Of course, without trust, nobody will back campaigns on Kickstarter, so it’s pretty clear that this entire focus is on keeping their revenue stream in tact. Self serving, naturally. But they are a business, not a charity, so it is an understandable view for them to take. Again — for the last time, I promise — I will point that the time to be transparent was from the outset, not ten years in. But they, of course, are talking about the transparency of their campaign creators, not themselves.
Kickstarter, with this announcement, is publishing a set of guidelines and rules to help ensure transparency and build — or in many cases, regain — trust. I’m going to break down my thoughts on this document with a series of bullet-points, first the ones I think are positive steps, and then the ones I see as potentially problematic.
But first, really briefly, some things to keep in mind. While games recently broke $1B in successful pledges on Kickstarter — with tabletop games accounting for almost 69% of that — these rules are site wide and not specific to tabletop games or even games in general. And a quick personal disclosure: I have backed 84 projects dating back to April of 2012, and have only been burned by one project to date — Dungeons & Dragons: A Documentary — which was a film, not a game. I have playtested and previewed multiple games that have gone on to seek funding through Kickstarter, as well as doing rules editing for more than one, but I have never been financially invested in a Kickstarter campaign or run a campaign myself.
No making assumptions about selling after the campaign, such as stating “50% off retail price” or “35% off MSRP”
No using superlatives, such as “the world’s best / smallest / fastest / first / etc.” or “the ultimate / unrivaled / revolutionary / etc.”
No setting an artificially low goal that will not allow the project to be brought to completion
No giving false impressions of support by misrepresenting press or media logos
No adding popularity badges like “Funded in 5 Hours” to campaigns
Must disclose any outside funding
Must disclose if you have past projects that are not yet completed
Must disclose any partnerships, and if they need to be secured
Must disclose if you need any third-party approvals before fulfillment
No use of renderings
No showing product packaging that has not been created
As for why I see those two as problems, if a creator pays an artist to create artwork for a game’s cards, and/or a box, there is no harm in presenting rendering that show a card being played to the table with a description of that card’s effect, or harm in showing a 3D rendering of what a box would look like based on artwork that has already been created. The only actual consequence here would be to punish smaller indie creators that cannot afford to have prototype copies printed with the finished artwork before they begin their campaigns, while not affecting the larger creators that use the platform as a pre-order system. This is antithetical to the spirit of Kickstarter, who has a mission statement that reads in part, “Kickstarter helps artists, musicians, filmmakers, designers, and other creators find the resources and support they need to make their ideas a reality.”

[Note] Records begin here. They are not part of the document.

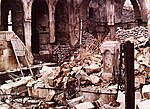 בית הכנסת העתיק בחלב לאחר שריפתו ב־1947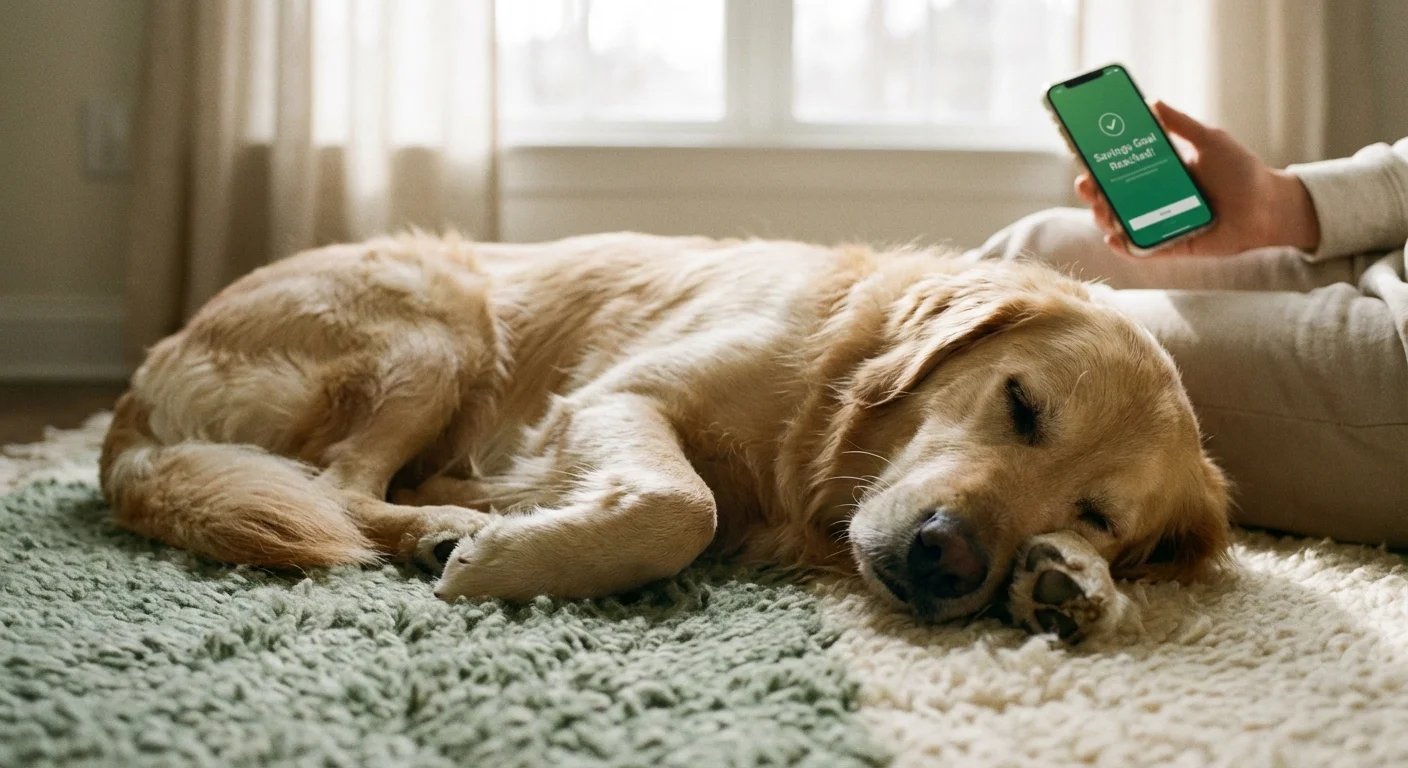 A dog sleeping peacefully next to a phone showing a reached savings goal.
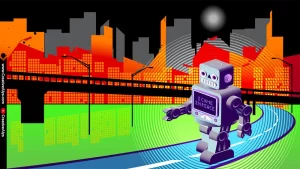 Robots On Street: Artificial General Intelligence (AGI) — Free Vector Illustration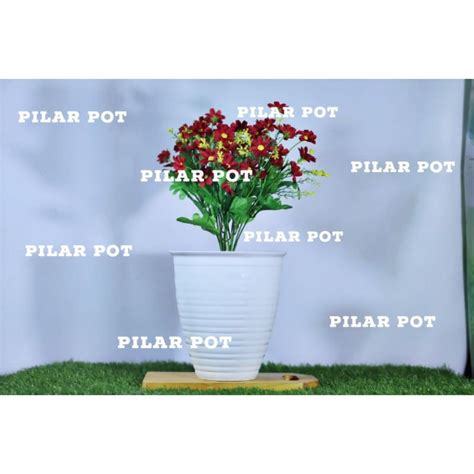 Jual Pot Bunga Tanaman Tawon Putih Tinggi 16 Cm Taiwan BEE 165T PUTIH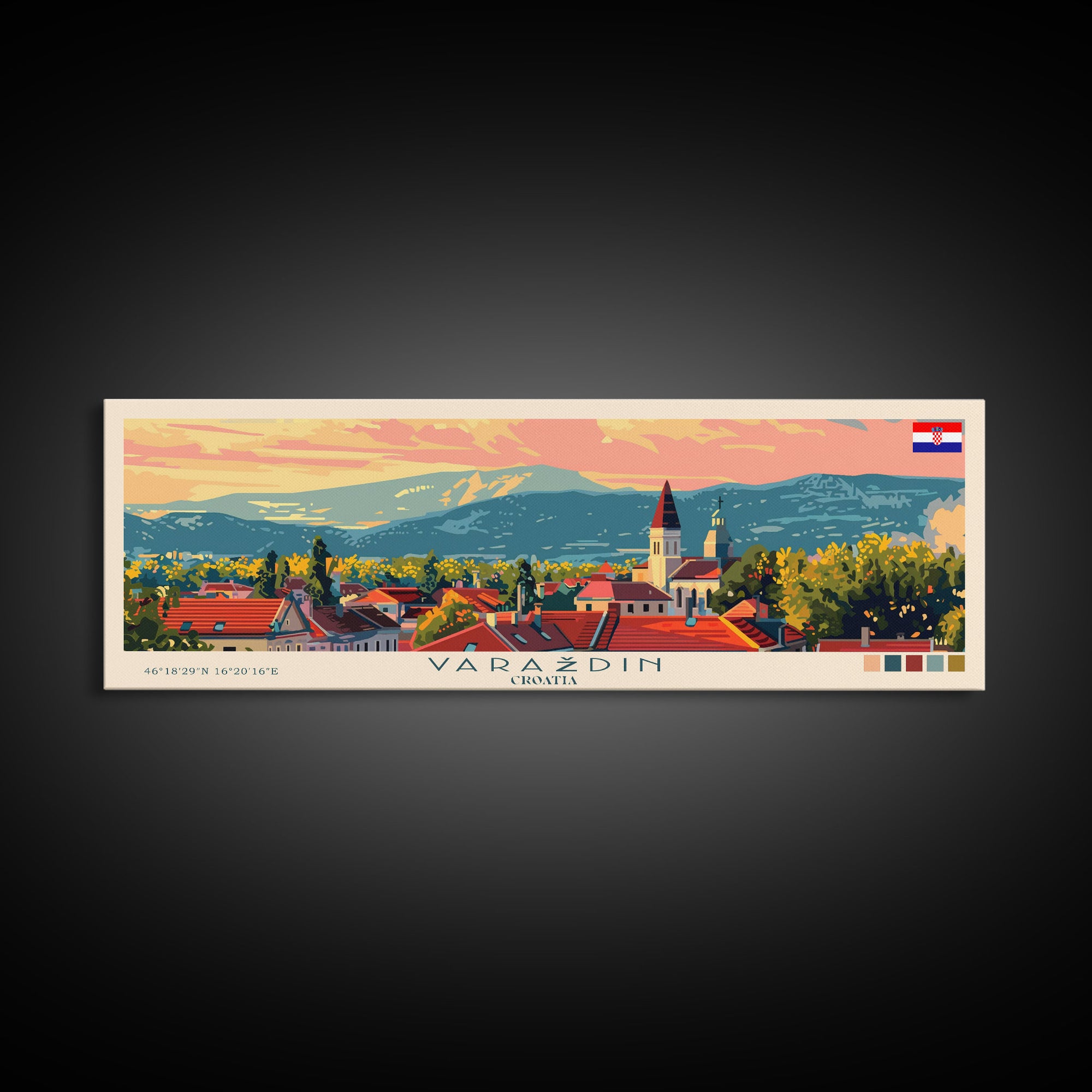 Varaždin Croatia Panoramic Travel Poster, Framed Canvas Print or Metal Wall Art, Travel Art, Home Decor, Panoramic Painting, Midcentury Art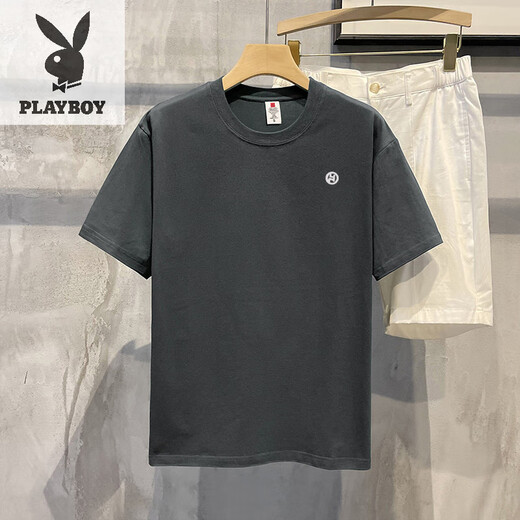 Playboy (PLAYBOY) 200g heavyweight American cotton short-sleeved T-shirt summer couple printed loose bottoming shirt t men's and women's top khaki cotton short-sleeved-1365 XL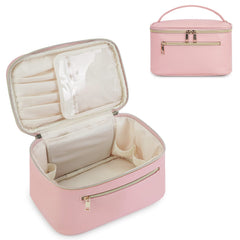 Wandering Nature makeup bag top flap with brush slots for organized travel.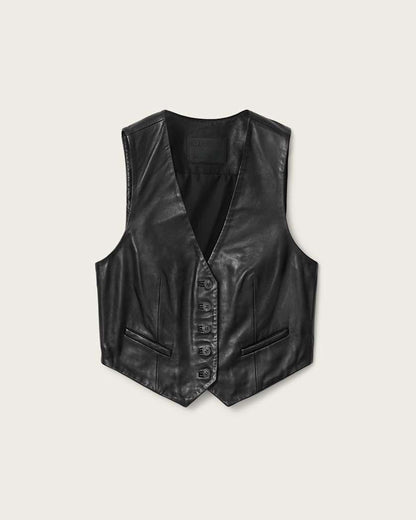 AllSaints Arla Sleeveless Leather Vest Women's Antique White Women's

You may look at those two groups of bullet points and think that I am cheer-leading this new policy. But, while I do think it is a step in the right direction, I do see some fairly large problems with it. First, for a company that is talking about transparency and honesty, their use of both informal “guidance” and formal “rules” in the same policy is not a great look. Further, there are no clear and concrete repercussions laid out for abuses to this new policy, only the following two rather vague statements.
However, failure to honestly and clearly present your campaign may result in a range of actions, from your project being ineligible for promotion to account restrictions or even project suspension. - Guidelines
The following points are rules, not solely recommendations. Violation of these rules can result in project suspension. - Rules
More troubling still is the fact the two sections of this policy I believe are problematic are both listed under the more stringent rules section. While I’ve heard whispers that Kickstarter does not plan on enforcing those particular rules in the tabletop space — ahem, not exactly a model of transparency — I haven’t seen any written proof of that, so any creator that decides to use renderings or mocked up product packaging is doing so at their own risk. And mind you, this is a risk those creators would be taking right after many recent examples of creators having problems launching campaigns and having campaigns get suspended with very little information released on the reasoning behind the suspensions.
The final, and largest, issue I see is enforcement. If these rules are enforced fairly across the board — with the exception of the two I previously griped about — I see this as a big step forward for the continued health and success of Kickstarter. But if the platform decides to play favorites — and keep in mind it is in their financial interest to ignore their own policy with a multi-million dollar campaign from a creator like CMON — then I think this will just create a new set of problems and issues for Kickstarter and the creators that decide to use their platform going forward. Only time will tell how this will play out, but I’ll be watching with interest to see how the platform, and the campaigns of those who use it, evolves from here.